**Instructions for the task:** Only the lines from the one holding "860 - No 23" to the end of the data should be echoed, exactly as they appear, minus the pictures.

***** Records for this exercise *****

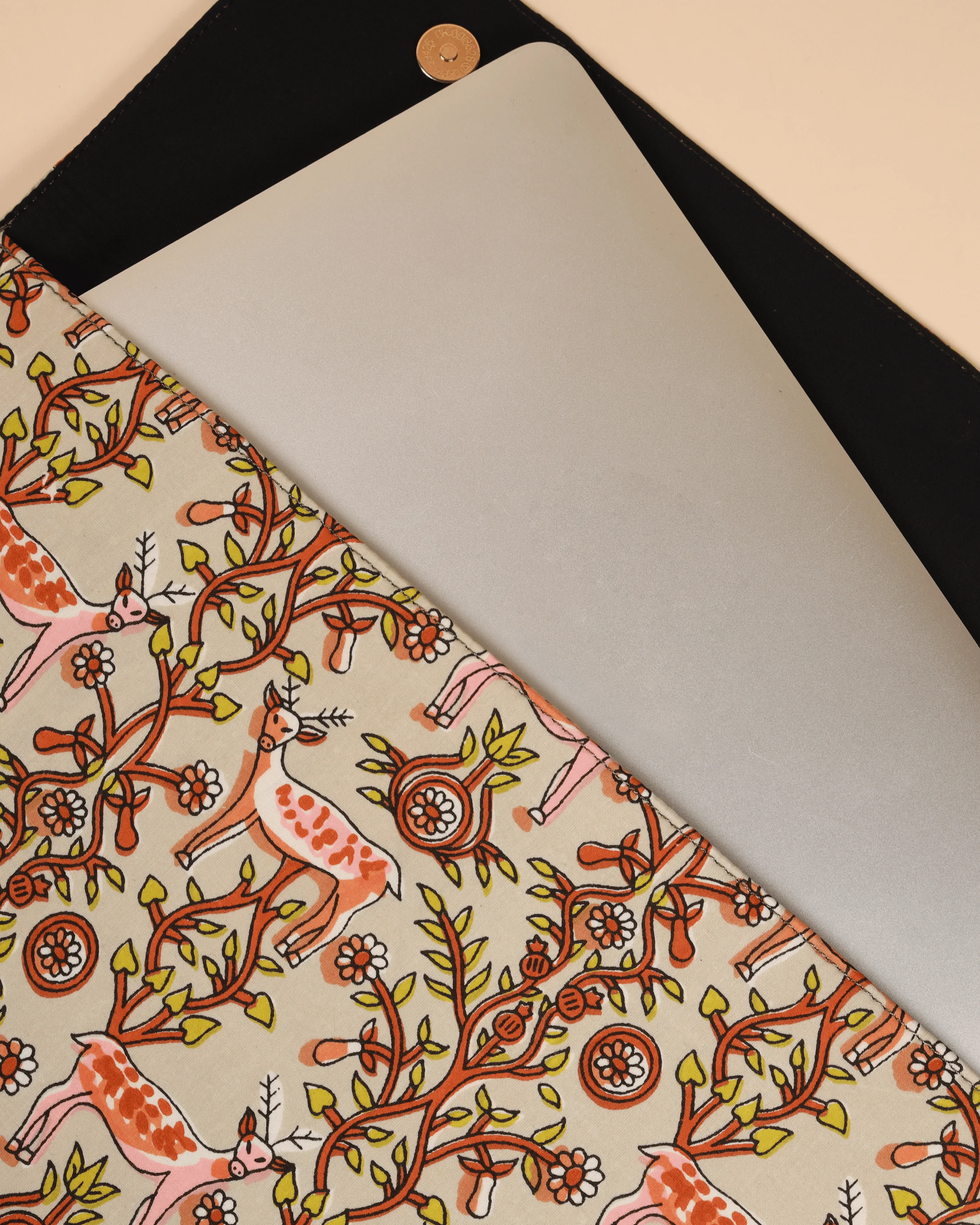 Ivory Meadows Handblock Laptop Sleeve - Image 4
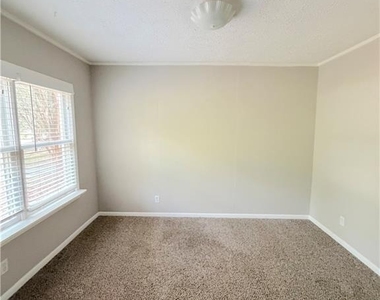 189 Prospect Street - Photo Thumbnail 12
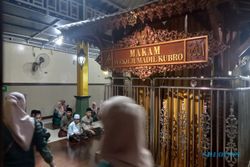Menelusuri Keberadaan Makam Syekh Jumadil Kubro di Semarang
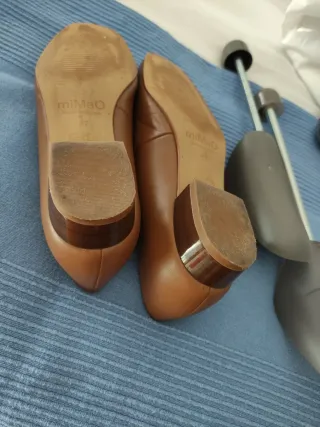 Zapatos de piel marrones talla 37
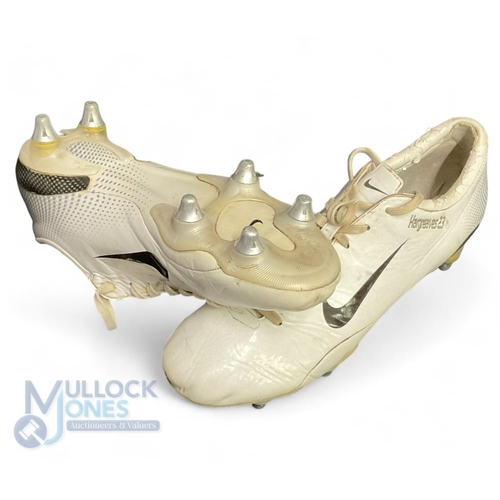 860 - No 23 Bayern Munich Owen Hargreaves Nike player worn boots with metal studs having his name and numb... 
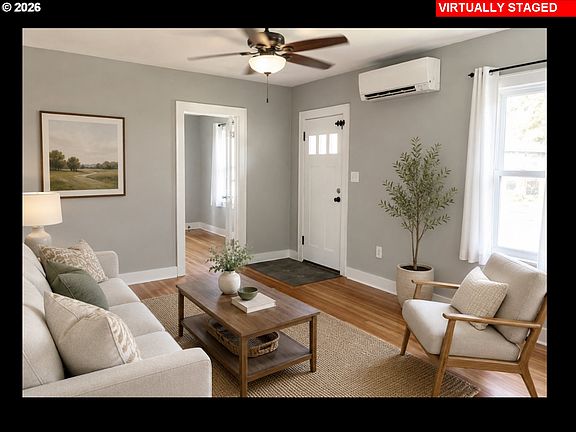 4th image of 671 Kalmia St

*****

**Task response:**
 860 - No 23 Bayern Munich Owen Hargreaves Nike player worn boots with metal studs having his name and numb... 
 4th image of 671 Kalmia St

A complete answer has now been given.